Autoantibodies to RNA polymerase I/III were detected by IP in 21 patients from UFCAD, 11 from North Carolina, one from Guadalajara, and two from Brescia. Virtually all sera with anti-RNAP III also had anti-RNAP I, and usually the intensity of RNAP III was dominant, or RNAP I and III were similar.13,14 Three of 35 anti-RNAP III sera (8%) had coexisting anti-U1RNP, including one that had predominant anti-U2RNP reactivity (Figure 1A). Intensity of RNAP I in IP appeared to be stronger than that of RNAP III in cases 1 and 2 (I > III, Table 1), different from the pattern of the majority of patients with SSc,14 but consistent with strong nucleolar staining in these sera (Figure 1B, panels 1 and 2).
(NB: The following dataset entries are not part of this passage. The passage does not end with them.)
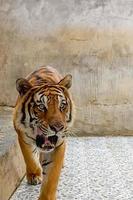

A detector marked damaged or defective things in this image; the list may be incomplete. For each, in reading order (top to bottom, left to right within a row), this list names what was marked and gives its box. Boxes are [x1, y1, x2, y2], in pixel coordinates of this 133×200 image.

cracked wall surface [0, 0, 133, 134]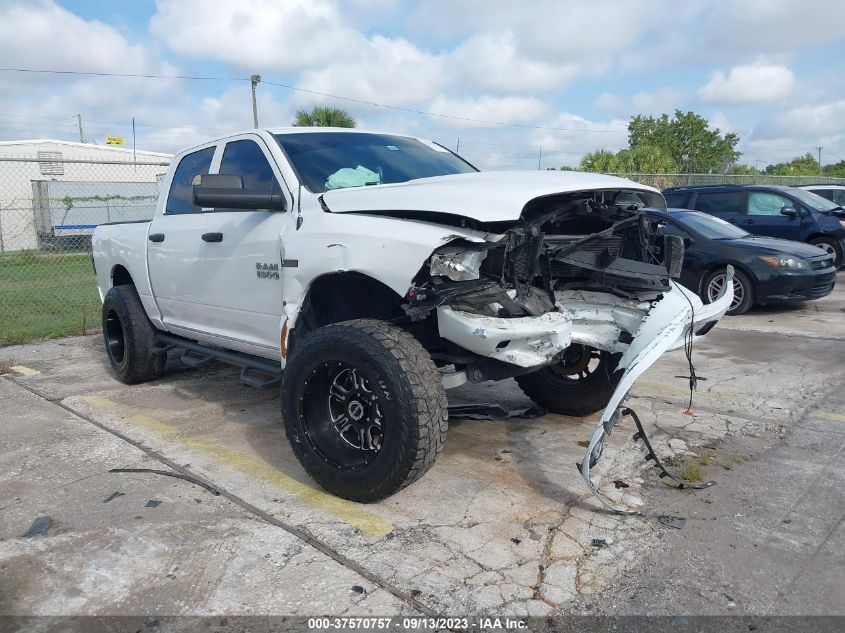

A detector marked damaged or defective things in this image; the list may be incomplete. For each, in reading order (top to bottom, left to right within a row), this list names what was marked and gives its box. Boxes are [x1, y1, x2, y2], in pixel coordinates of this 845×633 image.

cracked pavement [1, 274, 844, 616]
broken headlight housing [428, 247, 488, 278]
crushed hood [320, 170, 664, 222]
severe front damage [316, 172, 732, 508]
Intensity of RNAP I and III was comparable in case 3 (I = III, Table 1), and positive nucleolar staining of this serum was less clear when the nuclear staining was strong (Figure 1B, panel 3); this is consistent with similar observations described for many anti-RNAP I/III-positive SSc patients not reported to be nucleolar positive in routine clinical laboratories.15 In any case, these results are consistent with known distributions of RNAPs; RNAP III and II localize to the nuclei, whereas RNAP I localizes to nucleoli.16,17 Levels of anti-RNAP III were tested by ELISA, comparing cases with anti-RNAP III + U1RNP vs. anti-RNAP III-positive SSc (Figure 1C). All three in the former group were anti-RNAP III ELISA positive, and their levels were not lower than those in the latter. The presence of anti-U1RNP antibodies by IP is shown in Figure 1D. A serum sample from case 1 immunoprecipitated U1 and U2snRNP (Figure 1D and 1E) with unusual U2RNP dominant reactivity,18,19 as shown in protein IP (Figure 1D) and analysis of immunoprecipitated RNA components using a small amount (0.5 μl) of serum (Figure 1E, lane).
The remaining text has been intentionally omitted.